Another Status Hearing, And Very Little Resolved
We will be posting an in-depth summation of today’s status hearing in front of Judge Weisberg shortly.
The long and short of the hour-plus hearing is the number of contested items between the prosecution and defense teams has been whittled down, but the disagreements that remain are more substantial. It was, it seems, a relatively good day for the defense, and a cautionary one for the prosecution.
The clock is now re-set to resolve these disagreements – or at least show the court substantial progress – by the next status hearing, November 6, 2pm.
Full details, color from the courthouse and plenty of video to follow.
-posted by the Editors
The legal minuets at Moultrie (prematurely) embolden Team Price, while the number of its public supporters continues to plummet. Details, I hope, at 11 (or tomorrow)!
Hopefully, the trial will result in a different can being kicked.
Thanks to the gang for all of their efforts. They are fabulous hosts by the way, even more engaging in person than they are online.
Although I am a defense attorney, what worries me about this case as much as the muck ups by the MPD is the fact that it seems to bounce around the US Attorney’s Office with no one person really in charge. That is a recipe for disaster. Someone needs to know the case inside and out and plan trial strategy. Somebody needs to be the government’s face on the case so to speak.
No public defender’s office of any merit would pass a case around the way this one has been passed around by the US Attorney’s Office. It would be tantamount to malpractice.
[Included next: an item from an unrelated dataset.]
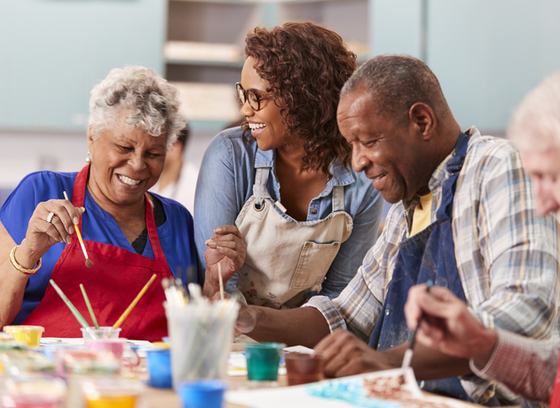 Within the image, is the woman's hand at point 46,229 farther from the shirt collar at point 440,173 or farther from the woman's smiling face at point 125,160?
the shirt collar at point 440,173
Long and short of it–someone needs to know the file and someone needs to be in charge of strategic decisions (and hopefully tactical ones as well unless there is a very cohesive team).
That is not to say Robert is more important than other homicide victims. Rather, the point is that every homicide case deserves to have a dedicated prosecutor absent extraordinary circumstances, just as no indigent defendant should be passed off from public defender to public defender (or private court appointed counsel).